As a logic consequence, the related entropy concepts have moved in order to fit this new research in complex systems and the different involved scales. We have looked in the abstracts and titles of the considered papers the number of appearances of these new concepts. We have found that the most cited entropy related key concepts, listed in descending order, are: structure, information, equilibrium, development, evolution, probability, complexity, knowledge, constraints, diversity, dispersion, degradation, disorder, dissipation, irreversibility, and intelligibility.

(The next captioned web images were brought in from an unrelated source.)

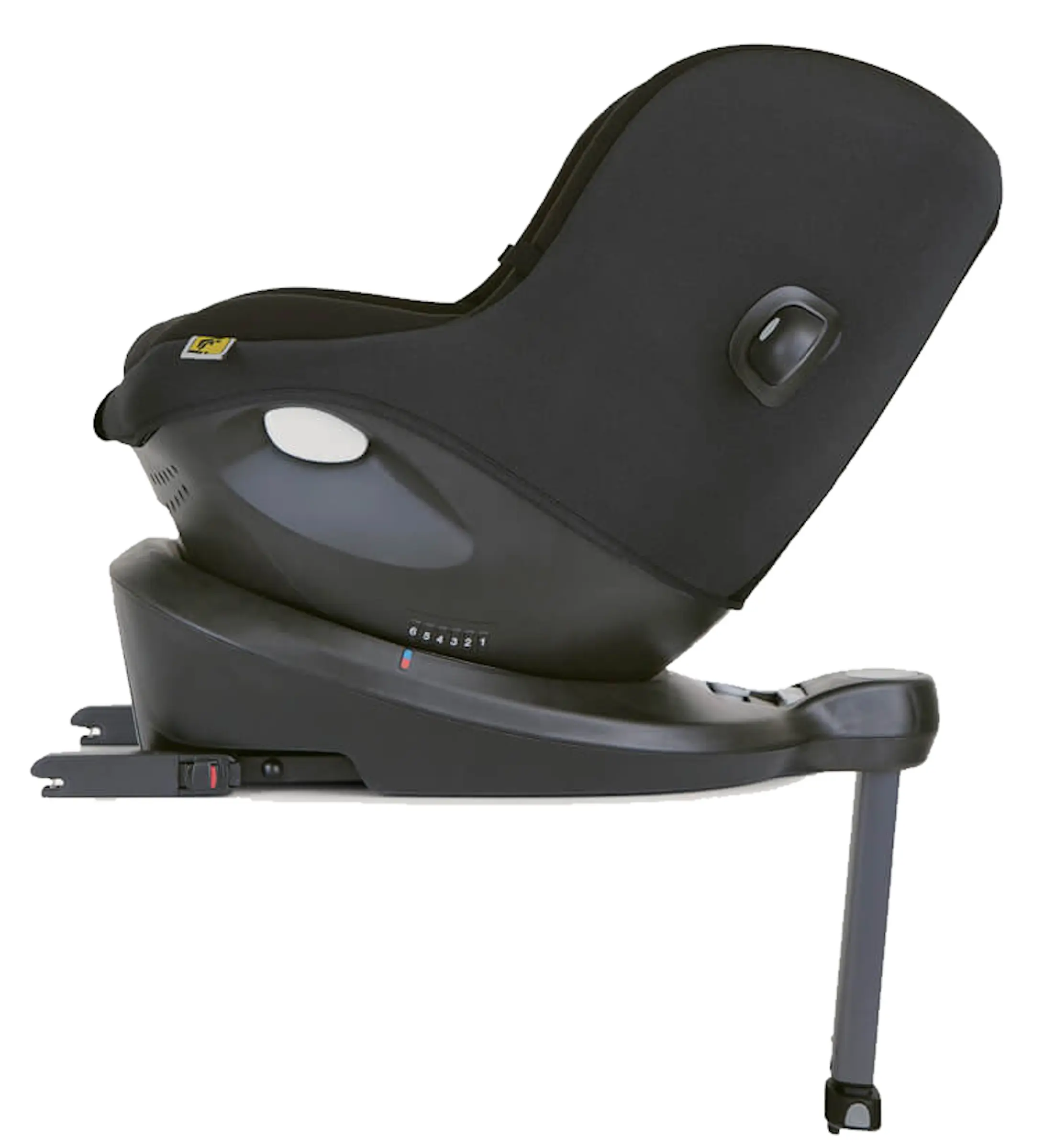 Scaun auto Joie i-Spin 360 Isofix (Shale) - 4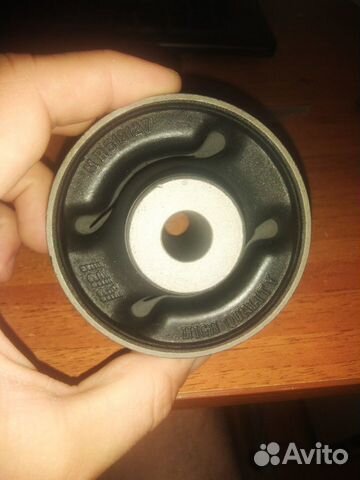 Сайлентблоки RBi Lancer 9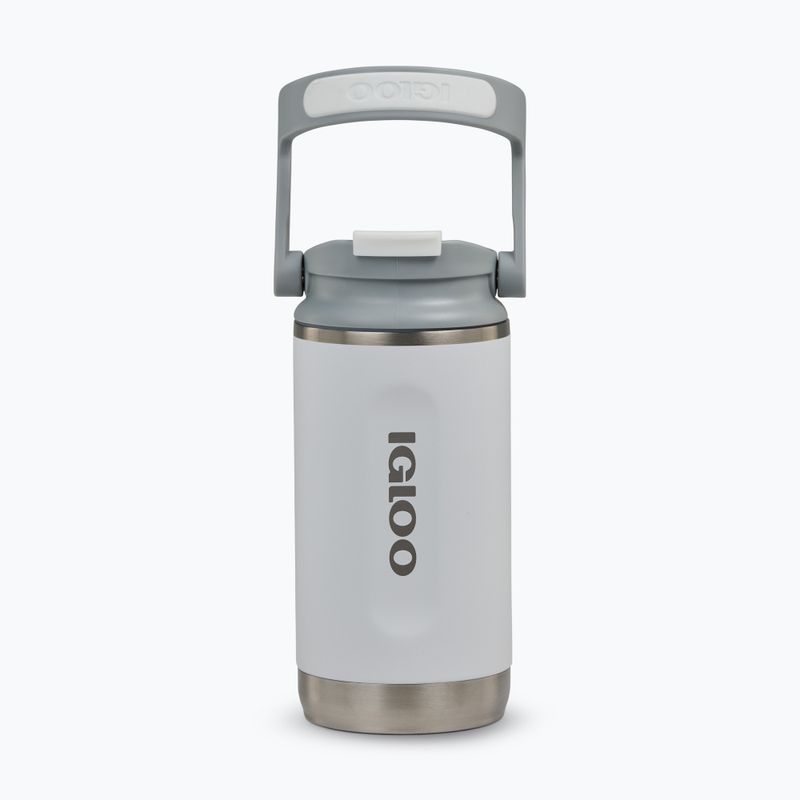 Кружка термічна Igloo Tumbler Flip 'n' Sip 360 мл white 4
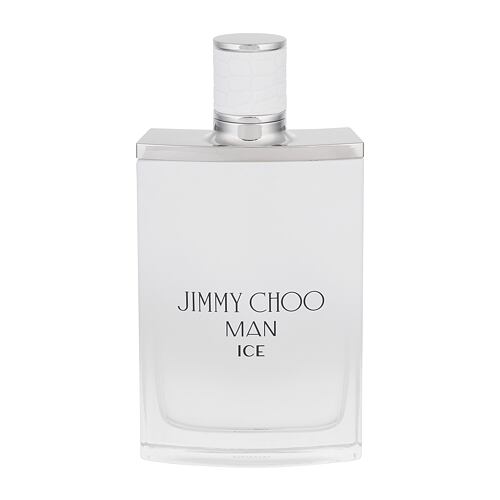 Toaletní voda Jimmy Choo Man Ice 100 ml poškozený flakon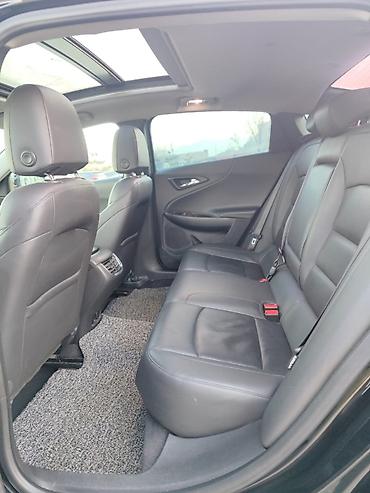 Chevrolet: Chevrolet Malibu: 2017 г., Автомат, Бензин, Седан — 13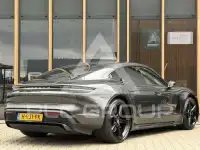 2020 Porsche Taycan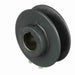 1 Groove Cast Iron FHP - Finished Bore Sheave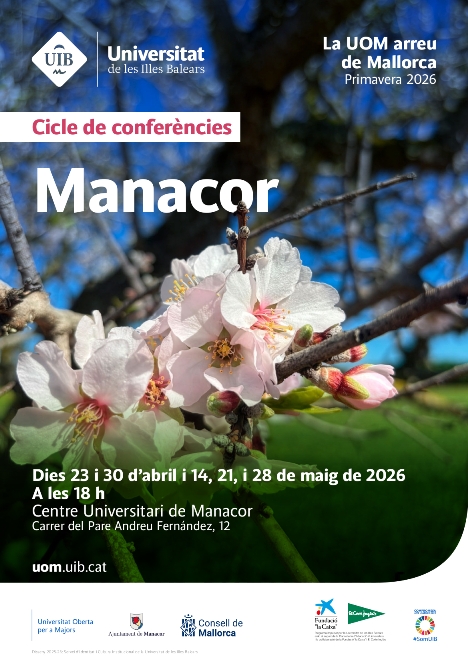 Universitat Oberta per a Majors 2026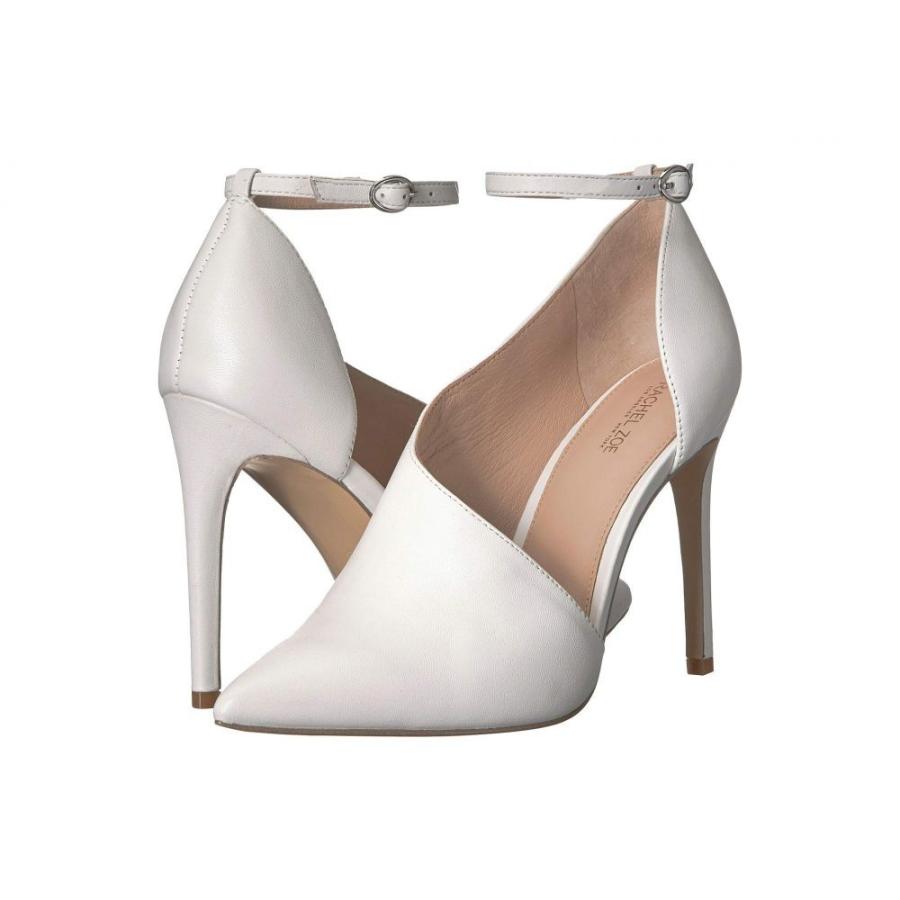 送料無料 レイチェル ゾー Rachel Zoe レディース パンプス シューズ・靴 Skylar Pump White Nappa, 小野東風軒 48836b79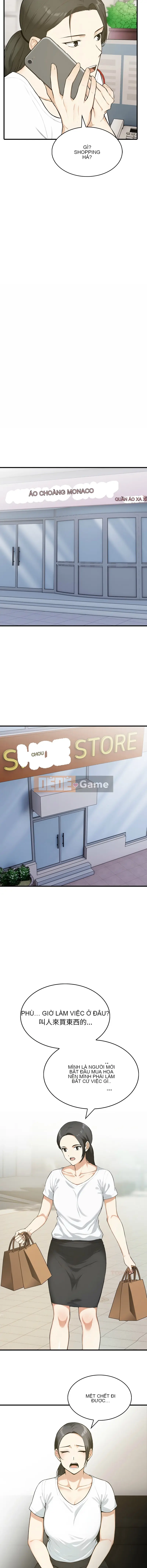 Những câu chuyện bí mật nho nhỏ đó Chương 6-7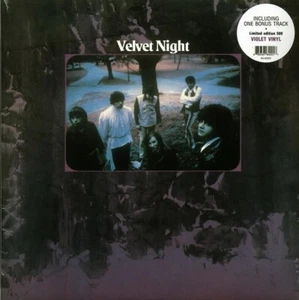 VELVET NIGHT Velvet Night KLIMPT PLATTEN versiegelt VIOLETT Vinyl LP - Bild 1 von 2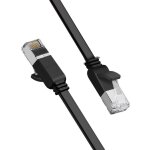 Ugreen - c�ble de raccordement plat c�ble r�seau ethernet rj45 cat 6 utp 1000 mbps 0, 5 m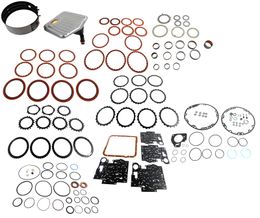 SUM-705023, Summit Racing™ High Performance 30-Spline 700R4 Transmission Rebuild Kit SUM-705023 in UAE, Dubai. Condition - new. Price 1,680 AED. Photo, seller contacts | AUTO.AE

It is illustrative to link the number of appearances of the above entropy related key concepts to the different categories in the Scopus classification. The results of such a study are presented in Fig. 3a for the top ten concepts. Beyond the particular behavior of each concept in each category (which can be checked in the supplementary material), some general comments are in order:

(a) Clearly, Structure is the most important entropy related key concept, not only in the absolute number of appearances but also by its presence in all analyzed categories. Especially useful are their maximum values, as expected, in the categories CHEM, BIOC, PHYS, and MATE. We also stress its non negligible influence on categories, with a priori scarce physical content such as BUSI, ECON, and even in ARTS and SOCI.

(b) On a second and similar level appears Information and Equilibrium. The former shows a high number of appearances in COMP and MATH, while the maximum values in the latter coincide mostly with those seen above for the structure concept.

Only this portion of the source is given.